Work order: No pictures go in the copy; everything else in the records below must be output exactly.

Record excerpts:
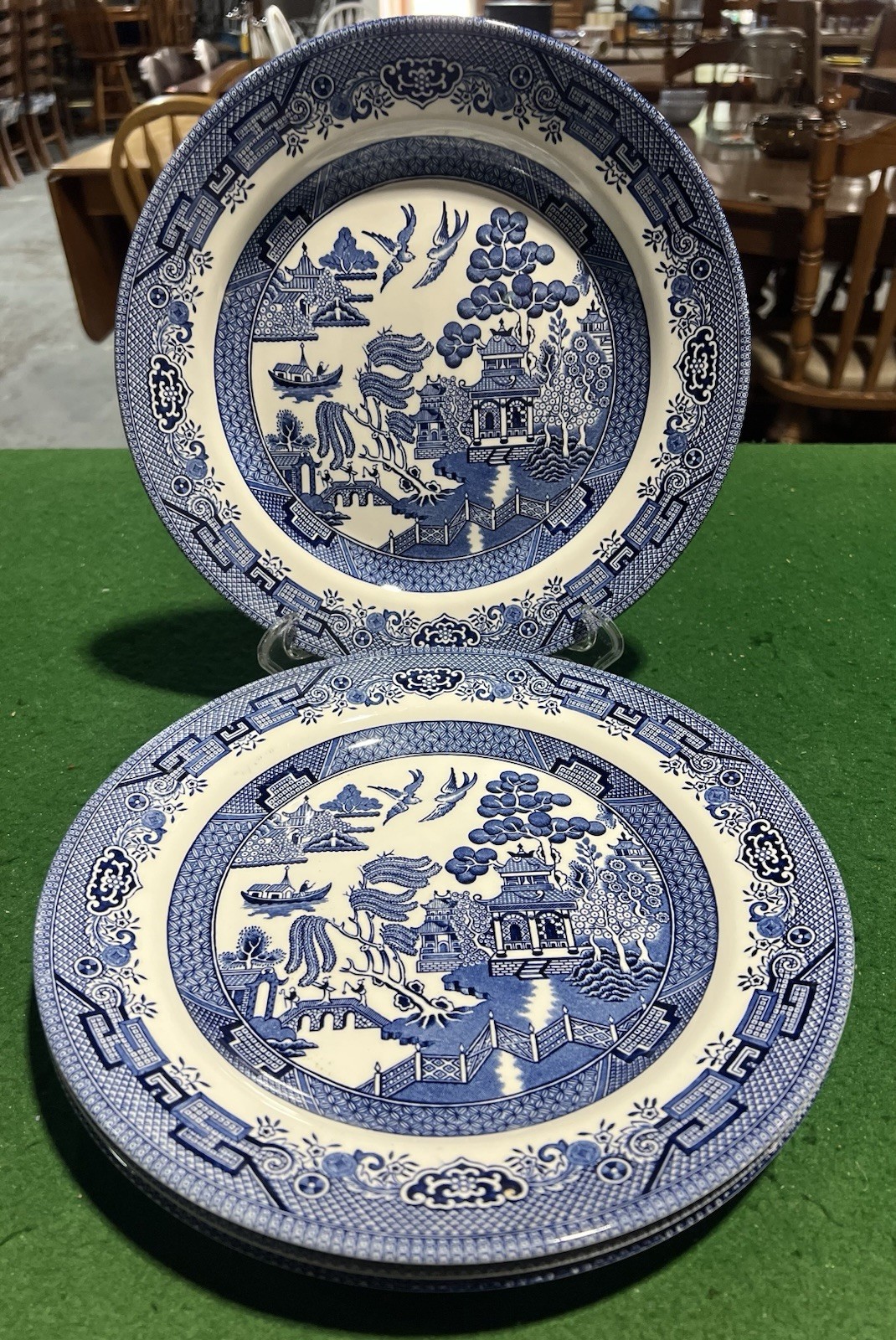 Churchill Blue Willow 10 3/8 Ironstone Dinner Plate Made In England Set of 4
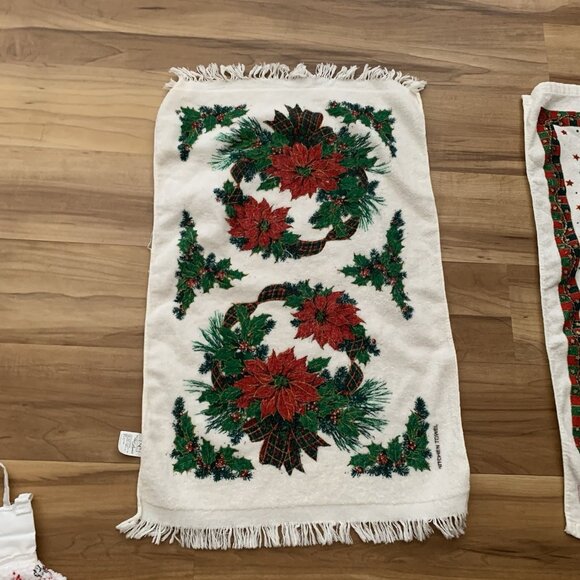 Christmas Kitchen Towel Set Lot 8 Piece Poinsettias Tree Holiday - Picture 6 of 7
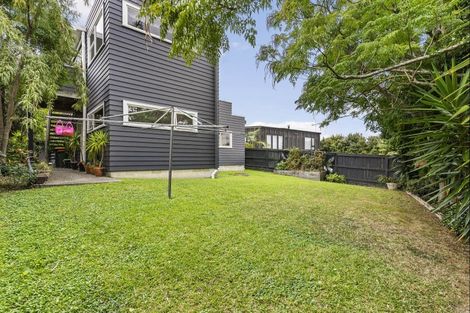 Photo of property in 20 Marine Parade, Mellons Bay, Auckland, 2014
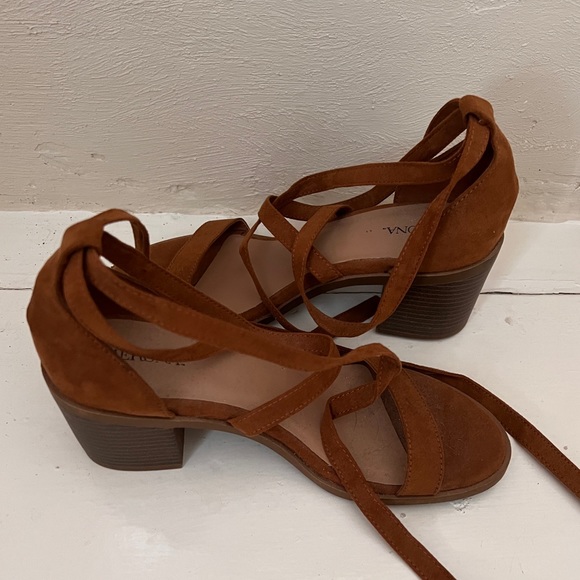brown suede strappy block heels - Picture 2 of 2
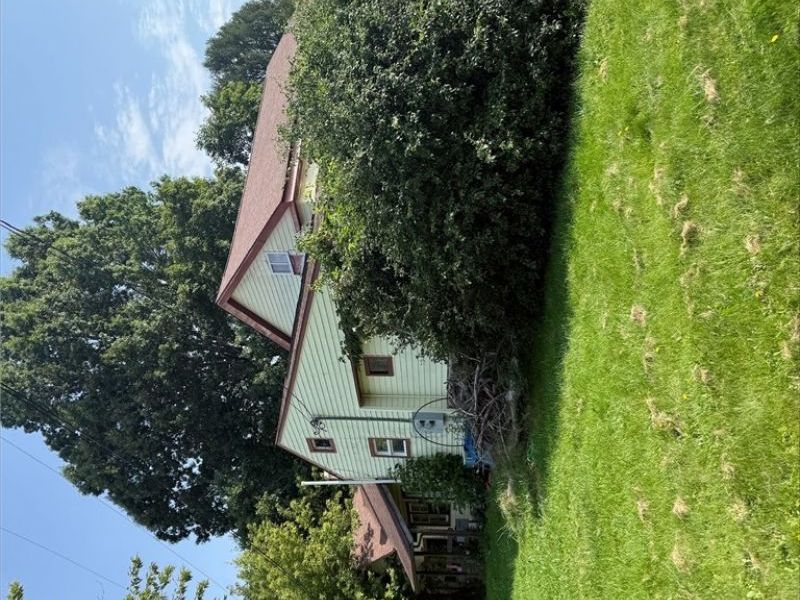 9523 E Center Street, Windham, OH 44288 Photo 4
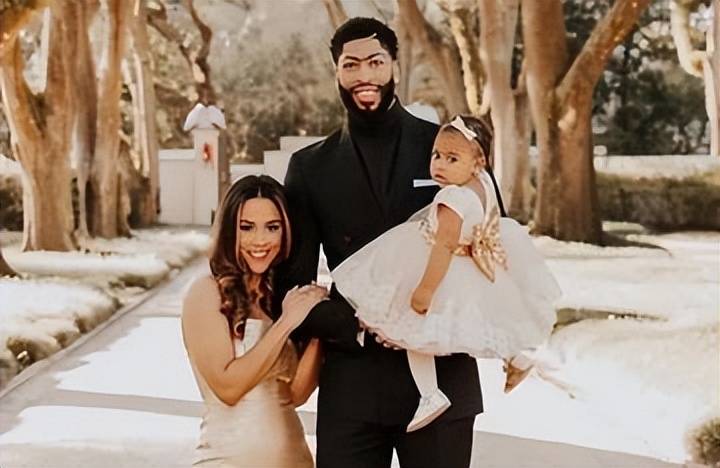 世俱杯赛程-ETIENNE球员在家庭中的生活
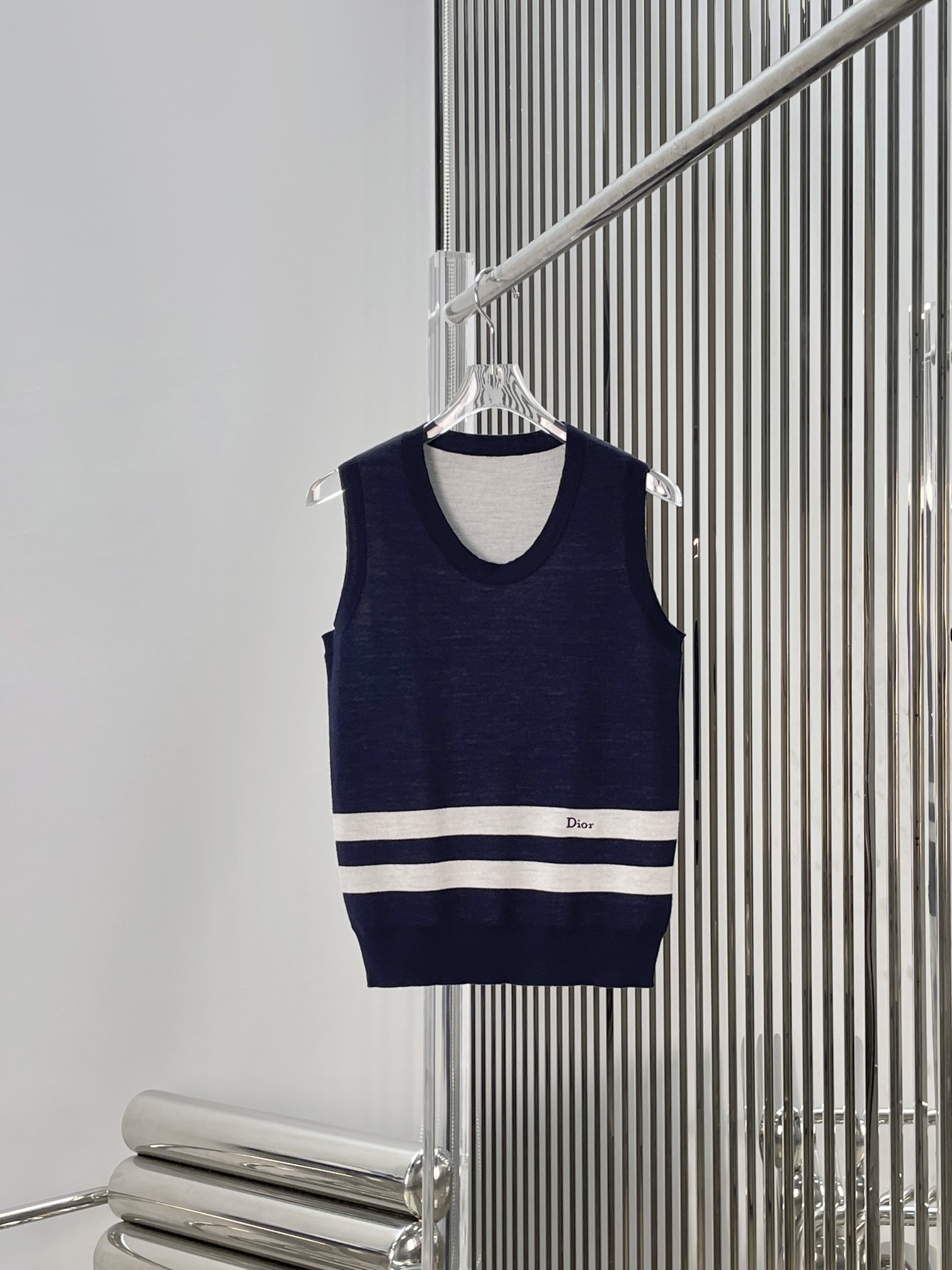 NO:870151,[Love] New style [Love]!  The latest D 26NEW college style hem striped knitted cardigan and vest two-piece set, cardigan + vest. Size SML.,,19860909[爱心]新款[爱心]！最新D 26NEW 学院风下摆条纹针织开衫背心两件套,开衫+背心.尺码SML.,,,Women's clothing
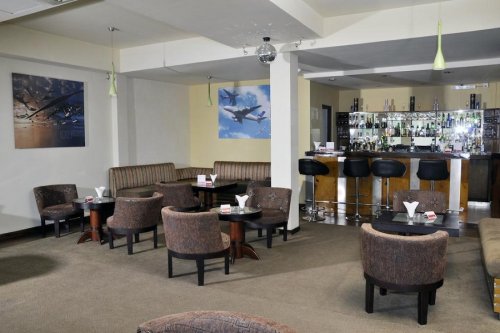 RAMADA KATUNAYAKE HOTEL 4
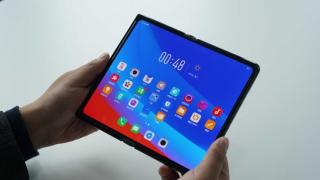 Samsung Display va furniza ecrane pliabile pentru producătorii chinezi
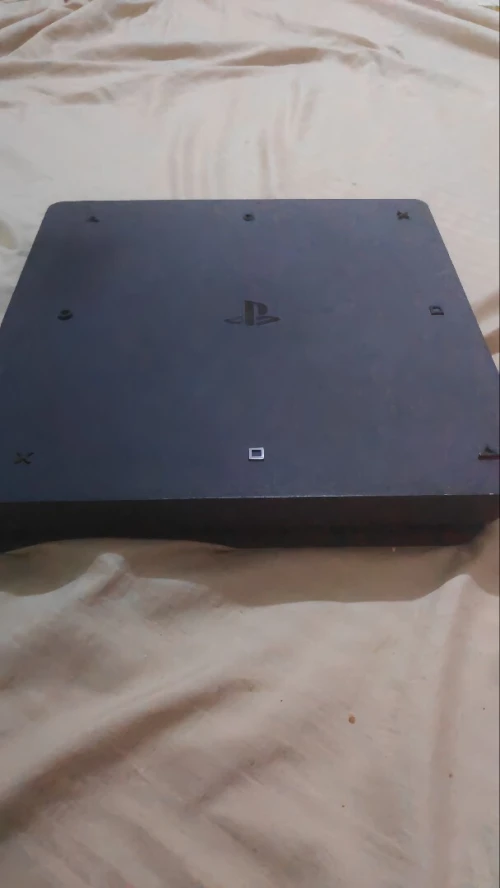PS4 slim comme neuf jamais teftah 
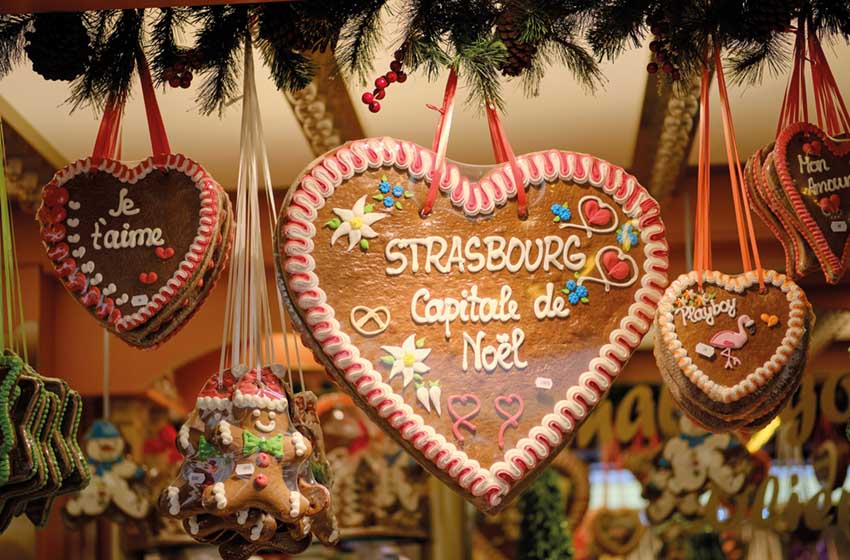 Decorazioni natalizie in un mercatino di Strasburgo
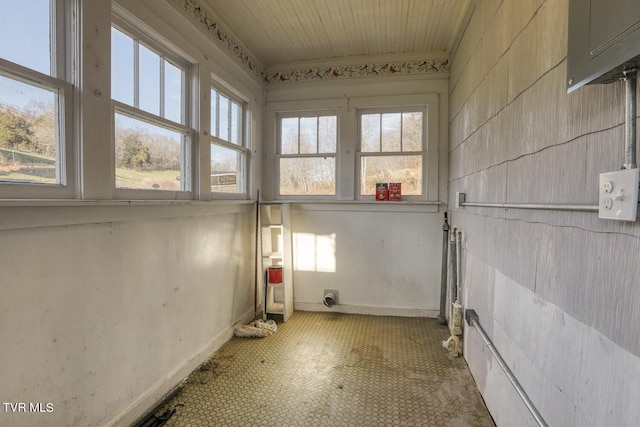 unfurnished sunroom with a healthy amount of sunlight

Your solution:
 Churchill Blue Willow 10 3/8 Ironstone Dinner Plate Made In England Set of 4
 Christmas Kitchen Towel Set Lot 8 Piece Poinsettias Tree Holiday - Picture 6 of 7
 Photo of property in 20 Marine Parade, Mellons Bay, Auckland, 2014
brown suede strappy block heels - Picture 2 of 2
 9523 E Center Street, Windham, OH 44288 Photo 4
 世俱杯赛程-ETIENNE球员在家庭中的生活
 NO:870151,[Love] New style [Love]!  The latest D 26NEW college style hem striped knitted cardigan and vest two-piece set, cardigan + vest. Size SML.,,19860909[爱心]新款[爱心]！最新D 26NEW 学院风下摆条纹针织开衫背心两件套,开衫+背心.尺码SML.,,,Women's clothing
 RAMADA KATUNAYAKE HOTEL 4
 Samsung Display va furniza ecrane pliabile pentru producătorii chinezi
PS4 slim comme neuf jamais teftah 
 Decorazioni natalizie in un mercatino di Strasburgo
 unfurnished sunroom with a healthy amount of sunlight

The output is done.